Friday, September 14, 2012

Generating Authentic Power

Our society, it seems, is set up as an accomplishment-driven world. What this means is that we value and measure each other - especially as men - by what we can and what we have done. I must tote around my resume of accomplishments in order to be seen either as a man of my word or as a valued, results-producing go-getter.

But when men reach a certain age or level of maturity, accomplishments are no longer the measure of worth.  In the second half of life (as Richard Rohr calls it) our goal is more about creating worth through what we give rather than what we get or win. This all came to a head yesterday as I talked with a friend and contemporary (he is as old as me) who was signing up for a goal-crunching program in order for him to up his personal integrity.  This man said that in his life he has seen where he has often not accomplished what he said he would and that he has not "shown up as his word" far too often.

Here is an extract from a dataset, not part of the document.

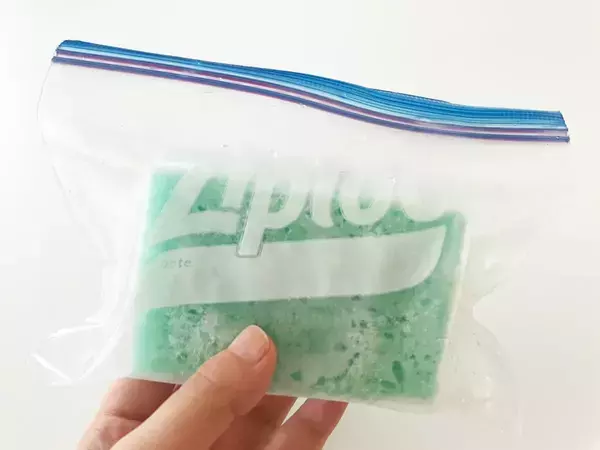 ダイソーのスポンジを『保冷剤』として使う方法　溶けるまでの時間や、便利な使い道は？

I asked him what he though integrity meant to him and he told me that it meant doing what you say you will do.  Well, that may be true, especially in an accomplishment oriented first-half-of-life society.  Integrity is the consistency between what you say and what you do.  But in the second half of life we lose the fascination with trophies and points, so integrity of our word takes on a different texture and flavor. "What if," I asked him, "you looked at integrity as telling the truth about where you are right now?"

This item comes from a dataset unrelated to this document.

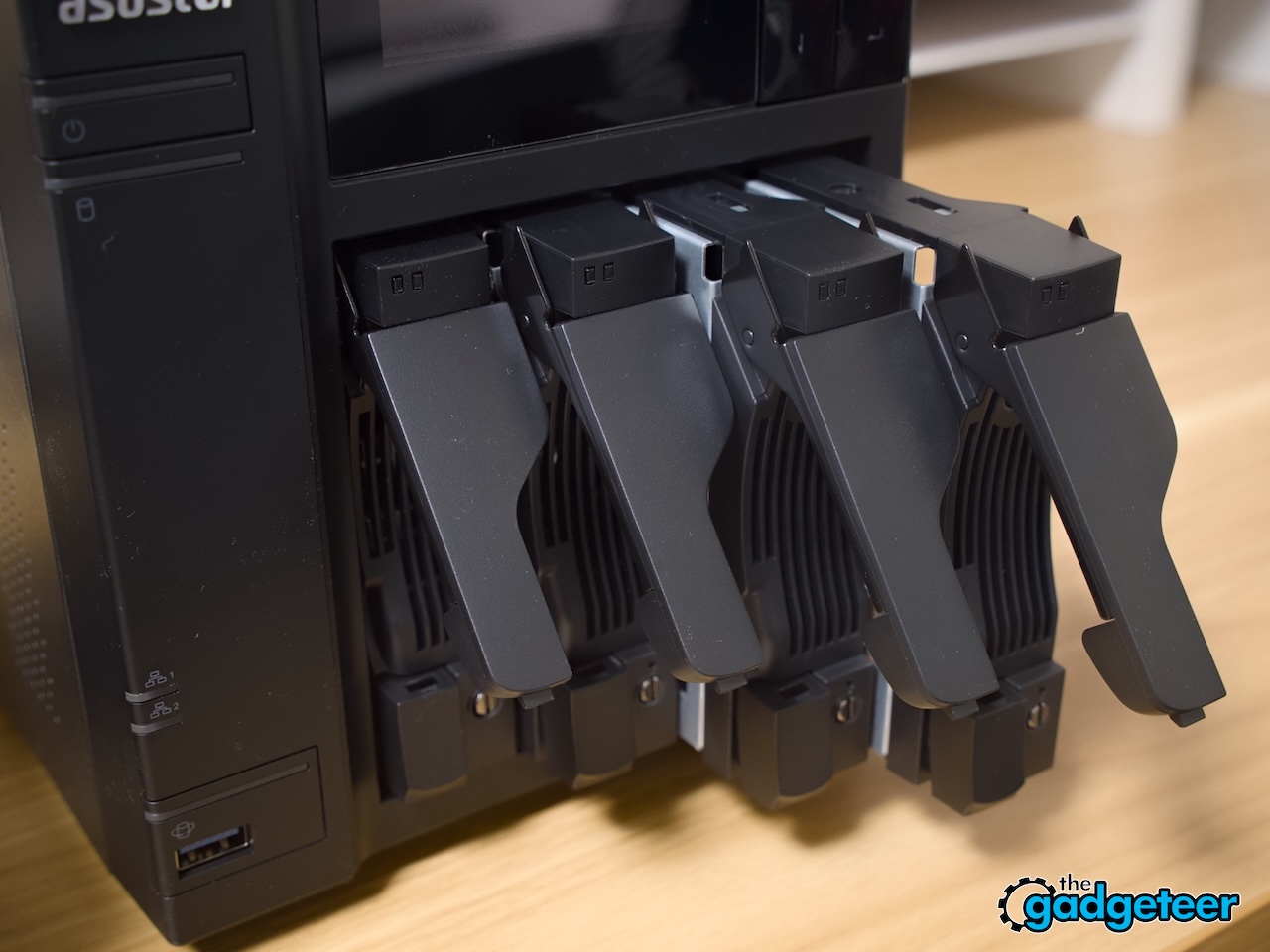 LOCKERSTOR 4 Gen2+ AS6704T v2 Review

The wisdom and power of integrity at that point would look like telling others how much being out of integrity in the past has cost you.  You could look at the wounds and scars you have and say, "This is where I failed to do suchandso a thing, and here is what happens when you don't do that." and so on.  How powerful it is to be fully present to one's failures and the lessons learned from them, instead of pretending that history didn't teach him anything and having him try to (once again) white knuckle through another program of goals and accomplishments. Doing the later would no doubt result in another imbalanced list of losses and a few wins, and further the evidence of his life that he cannot accomplish these huge piles of goals - and that therefore he must suffer one more hit to his pride and integrity in the accomplishment world.

Enough is enough! He does not need anymore evidence.  What he needs, if anything, is the ability to tell the truth and to be fully aware and present to his results and lack thereof. Then, standing in the truth, fully aware of the associated pains and joys of his life, he can finally claim his authority - authority in his own life and his authority for the wisdom he dispenses. It may be hard to face the truth, and even harder to stay fully present to it, but the power that reveals is immense.